▶ [Task requirements]
The required output is the exact run of lines in the listing below from the line holding "SOOUICKER Cargohose Herren" through the line holding "Vintage 80s Colorblock", with no pictures.

▶ [Data section]
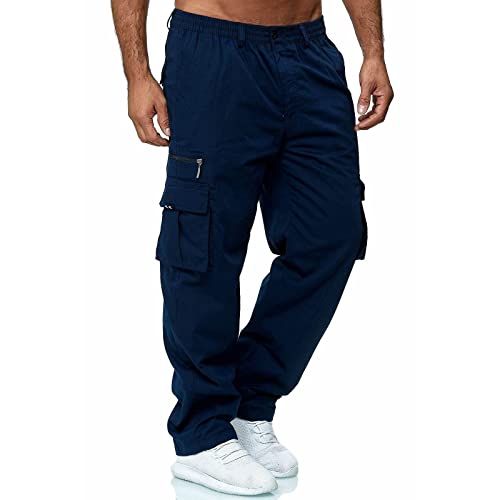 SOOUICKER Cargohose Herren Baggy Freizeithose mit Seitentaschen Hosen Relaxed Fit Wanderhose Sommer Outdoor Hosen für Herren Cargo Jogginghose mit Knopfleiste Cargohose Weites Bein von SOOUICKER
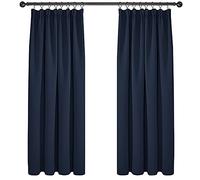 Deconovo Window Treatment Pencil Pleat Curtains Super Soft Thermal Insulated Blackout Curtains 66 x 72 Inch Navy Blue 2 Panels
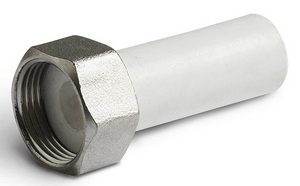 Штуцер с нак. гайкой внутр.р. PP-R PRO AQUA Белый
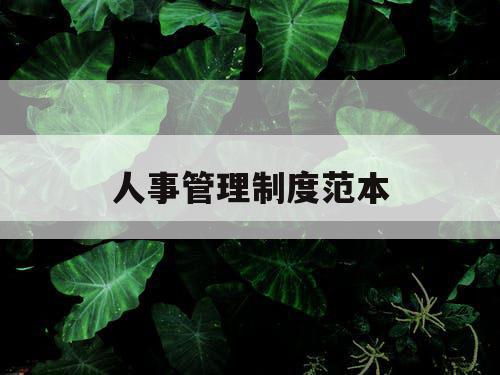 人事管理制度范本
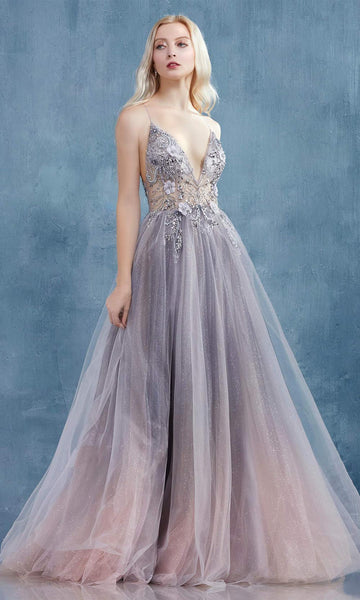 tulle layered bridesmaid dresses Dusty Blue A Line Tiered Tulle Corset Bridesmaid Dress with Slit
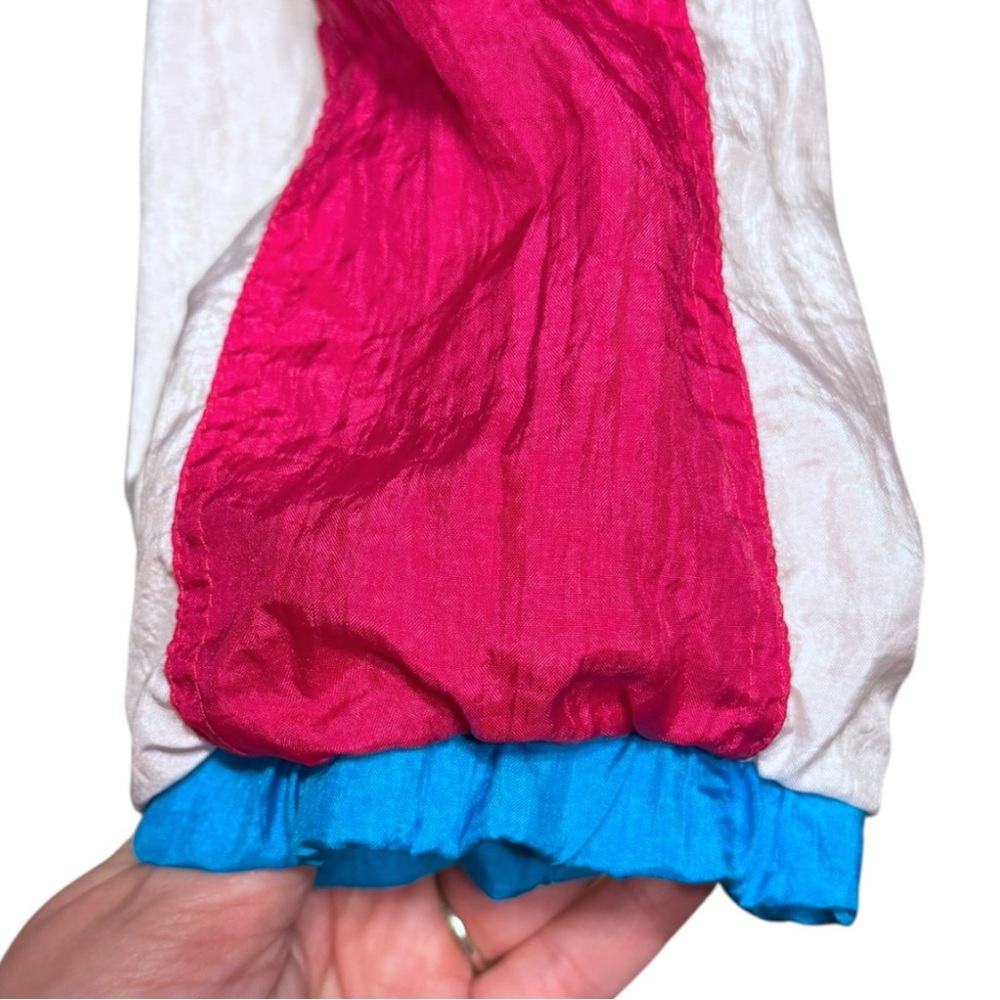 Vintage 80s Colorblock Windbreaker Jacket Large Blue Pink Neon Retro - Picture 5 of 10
--
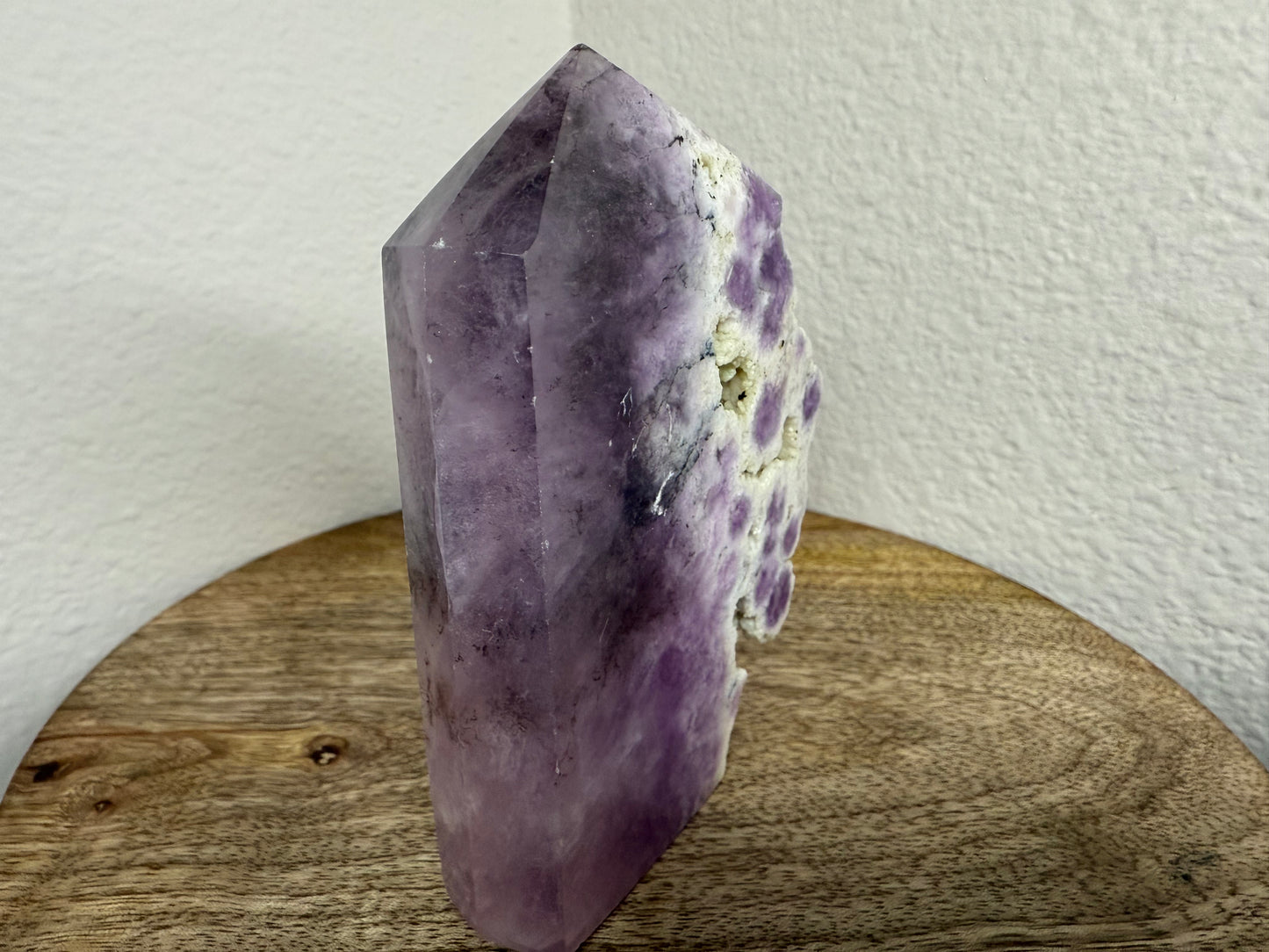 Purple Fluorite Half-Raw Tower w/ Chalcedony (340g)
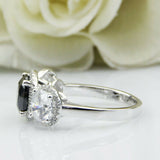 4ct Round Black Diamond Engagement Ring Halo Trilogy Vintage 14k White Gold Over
==
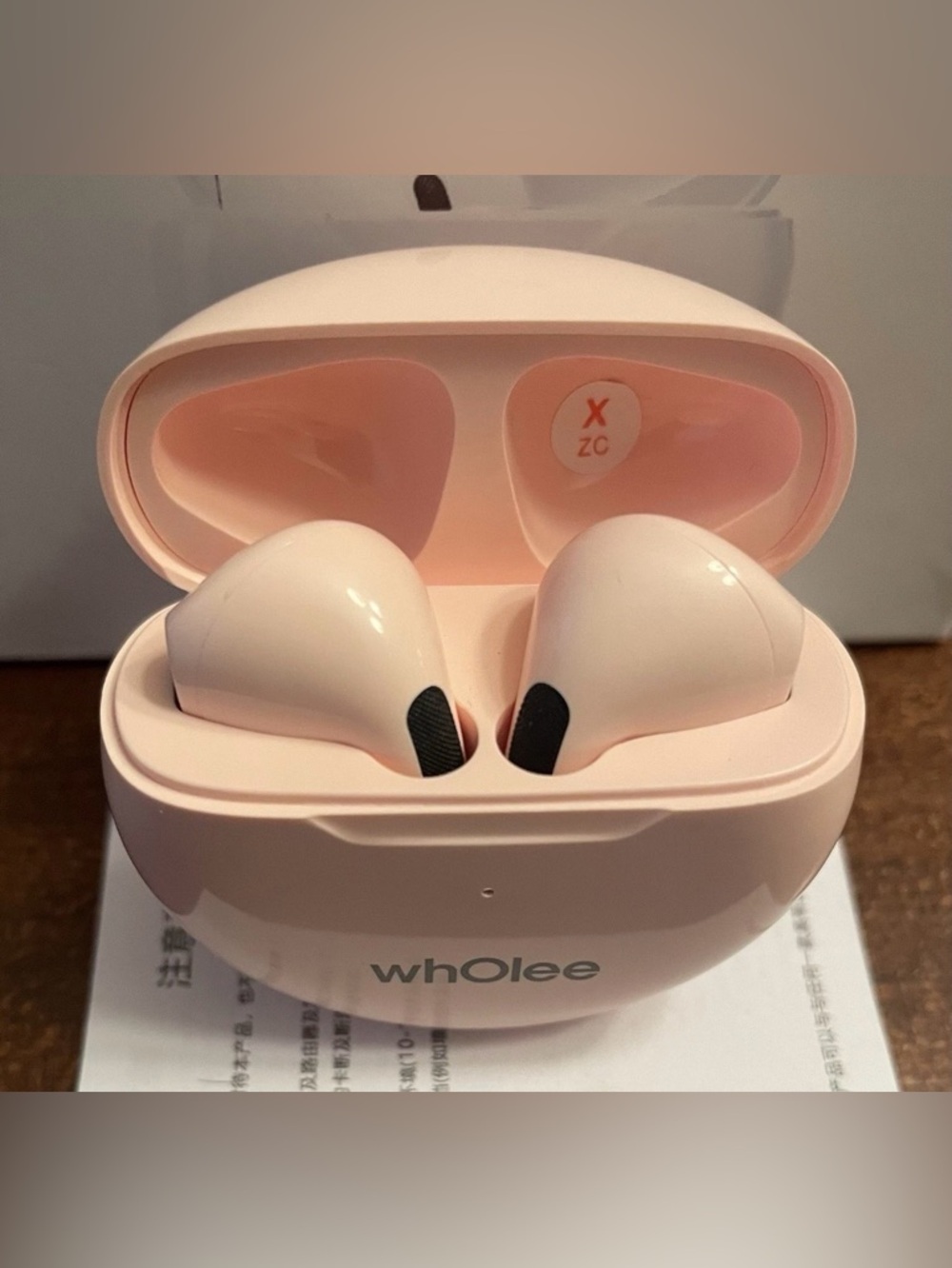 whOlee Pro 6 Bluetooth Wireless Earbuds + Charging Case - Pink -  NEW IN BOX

▶ [Solution]
 SOOUICKER Cargohose Herren Baggy Freizeithose mit Seitentaschen Hosen Relaxed Fit Wanderhose Sommer Outdoor Hosen für Herren Cargo Jogginghose mit Knopfleiste Cargohose Weites Bein von SOOUICKER
 Deconovo Window Treatment Pencil Pleat Curtains Super Soft Thermal Insulated Blackout Curtains 66 x 72 Inch Navy Blue 2 Panels
 Штуцер с нак. гайкой внутр.р. PP-R PRO AQUA Белый
 人事管理制度范本
 tulle layered bridesmaid dresses Dusty Blue A Line Tiered Tulle Corset Bridesmaid Dress with Slit
 Vintage 80s Colorblock Windbreaker Jacket Large Blue Pink Neon Retro - Picture 5 of 10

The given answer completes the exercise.